Technical News from The Portland Group

Using GPU-enabled Math Libraries with PGI Fortran

Overview

In each of the last two issues of the PGInsider, separate articles covered using specialized GPU linear algebra math libraries to increase the performance of applications using these types of functions. The libraries covered were CULA, a GPU-accelerated numerical linear algebra library, and MAGMA— Matrix Algebra on GPU and Multicore Architectures. This article introduces a third library named CUBLAS (CUDA BLAS) developed by NVIDIA, and describes what is required from a user's perspective to make optimum use of each of these libraries.

CULA is a commercially supported GPU library that implements much of LAPACK in a way that leverages both very high performance multi-core x64 and GPU-accelerated versions of the routines.
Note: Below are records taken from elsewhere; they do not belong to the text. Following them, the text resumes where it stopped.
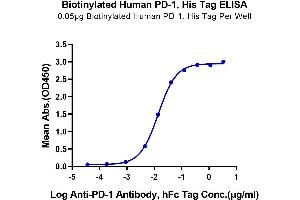 ELISA image for Programmed Cell Death 1 (PDCD1) (AA 25-167) protein (His-Avi Tag,Biotin) (ABIN7275421)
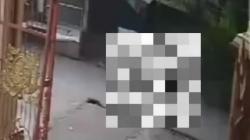 Viral Emak-Emak Diduga Jadi Korban Begal Payudara di Bojonggede Bogor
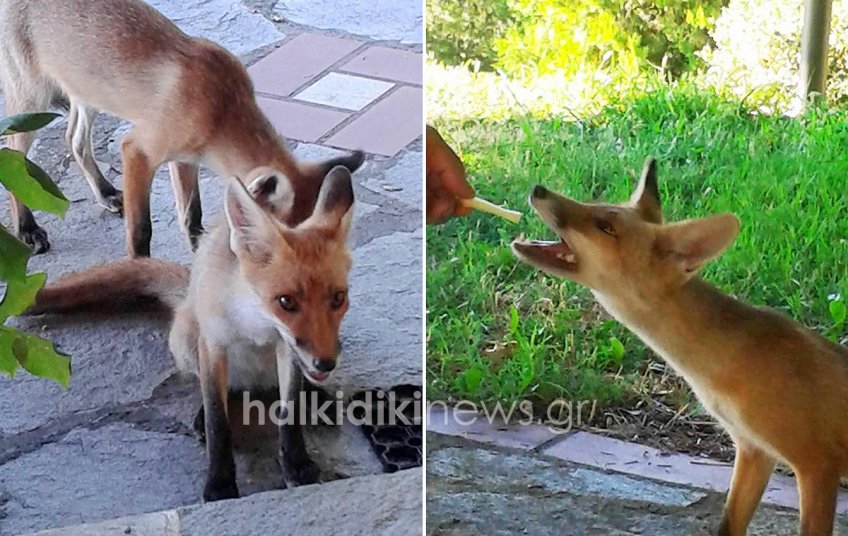 Viral φωτογραφίες από τη Χαλκιδική: Αλεπουδάκια σαν κατοικίδια σε σπίτι [εικόνες] | iefimerida.gr 3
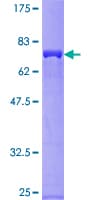 Human GRB4 / NCK2 Protein (Recombinant GST)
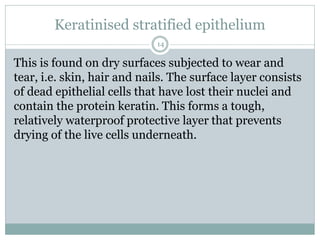 Keratinised stratified epithelium
14
This is found on dry surfaces subjected to wear and
tear, i.e. skin, hair and nails. The surface layer consists
of dead epithelial cells that have lost their nuclei and
contain the protein keratin. This forms a tough,
relatively waterproof protective layer that prevents
drying of the live cells underneath.
 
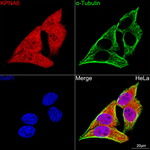 KPNA6 Antibody in Immunocytochemistry (ICC/IF)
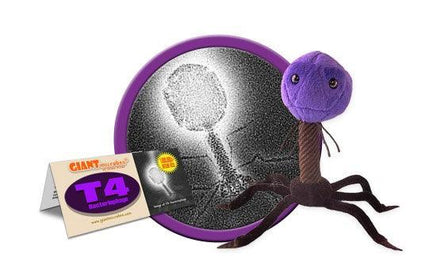 Giant Microbes Original T4 - Bacteriophage - Planet Microbe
CULA is available in three versions: Basic (a no cost limited set of single precision routines), Premium (for-fee expanded set of routines in both single and double precision), and Commercial for redistribution. MAGMA is similar to LAPACK, but for heterogeneous/hybrid architectures starting with current multi-core+GPU systems. MAGMA is available at no cost. CUBLAS is a small library containing a subset of the BLAS Level 3 routines. CUBLAS is also available at no cost. The intent of this article is not to single out any one library as preferred. Our experience is that each one has its place.

For the purpose of this article a routine common amongst the three libraries was chosen as the basis for the examples. The Basic Linear Algebra Subprograms (BLAS) Level 3 routine named SGEMM performs single precision matrix multiplication.

Host Interface

The host interface in this context is defined as a math library calling convention that can be used when all data resides in CPU memory. It is the responsibility of the library routine to perform any data transfer to and from the GPU. In our example, the library routine is responsible for transferring matrices A and B to the GPU, and transferring the matrix C back to the CPU memory after computing the matrix multiply. For our SGEMM example, only the CULA library supports a host interface. However, for several other LAPACK routines such as SGETRF, both the CULA and MAGMA libraries contain both host interfaces and device interfaces (discussed in the next section).

Consider the following code snippet. This call to SGEMM performs the matrix multiplication of A x B and stores the result in C.

real, dimension(1000,1000) :: a, b, c
real :: alpha, beta
integer :: m,n,k,lda,ldb,ldc

m = n = k = lda = ldb = ldc = 1000
alpha = 1.0
beta = 0.0 

call sgemm('n','n',m,n,k,alpha,a,lda,b,ldb,beta,c,ldc)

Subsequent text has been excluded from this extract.